We are truly sorry and we humbly repent.
For the sake of your Son Jesus Christ,
have mercy on us and forgive us;
that we may delight in your will,
and walk in your ways,
to the glory of your name. Amen.*
I love that confession. Every word of it expresses the true condition and need of my heart—but in a general way that doesn’t require me to delve into particular sin involving particular actions (or inactions), people, or situations.
Confessing my sin in that general way works for me. Confessing my specific sin, however, is harder. So I’ve been talking with God about this. I started by simply confessing that it’s hard to confess. Then—and I think this is key—I asked God to reveal whatever hinders me from regularly talking to Him about specific sin.
Right away He brought to mind several things. Among them were: an inadequate understanding of His mercy, some bad past experiences, and a tendency toward self-recrimination. Just recognizing some of the problems was helpful because I realized that God is ready to help—now that I know what I need help with.
So I’ve been trying to follow through and be more intentional about confessing specific sin. One day as I was telling Him something I was feeling guilty about, He surprised me. I seemed to ask, rather pointedly, Do you want Me to help you with that?
The thought hadn’t occurred to me. This probably sounds pretty dumb to those of you who are really good at confession, but I am afraid that I had sort of thought that my job was to admit I was wrong and then try harder next time. So this was a novel idea: God didn’t expect me to fix the problem all by myself! Obviously, I replied that I would be very glad to have His help.
And He did help! He responded exactly like good parents do when they see their kids doing something wrong. He didn’t scold, shame, punish, or give me a stern warning. He just stepped in to help. I realized that He doesn’t want me to be alone in my struggle—He wants to walk alongside me, encouraging, coaching, and helping.
I guess I’d thought that confession was mostly about my need for forgiveness. And it’s definitely that—but it’s also much more. Like the best of parents, God wants me to do well. He wants to help me avoid the enemy’s traps. He wants me to experience the abundant life that comes by living His way. Because He knows better than I do what trips me up—He also knows how I can move forward.
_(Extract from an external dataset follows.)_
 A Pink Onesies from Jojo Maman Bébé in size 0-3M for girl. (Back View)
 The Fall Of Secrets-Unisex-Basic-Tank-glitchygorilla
And He wants to share all this with me—He doesn’t want me to have to figure it all out on my own!
I was wrong about confession. I had thought of it as a rather lonely duty—but God is showing me that it’s just another way He wants to enjoy deeper relationship with me. I’m not planning to sin more just so I can experience that—but I do have to say that I’m considerably less reluctant to admit my sin to Him now that I’m starting to understand this.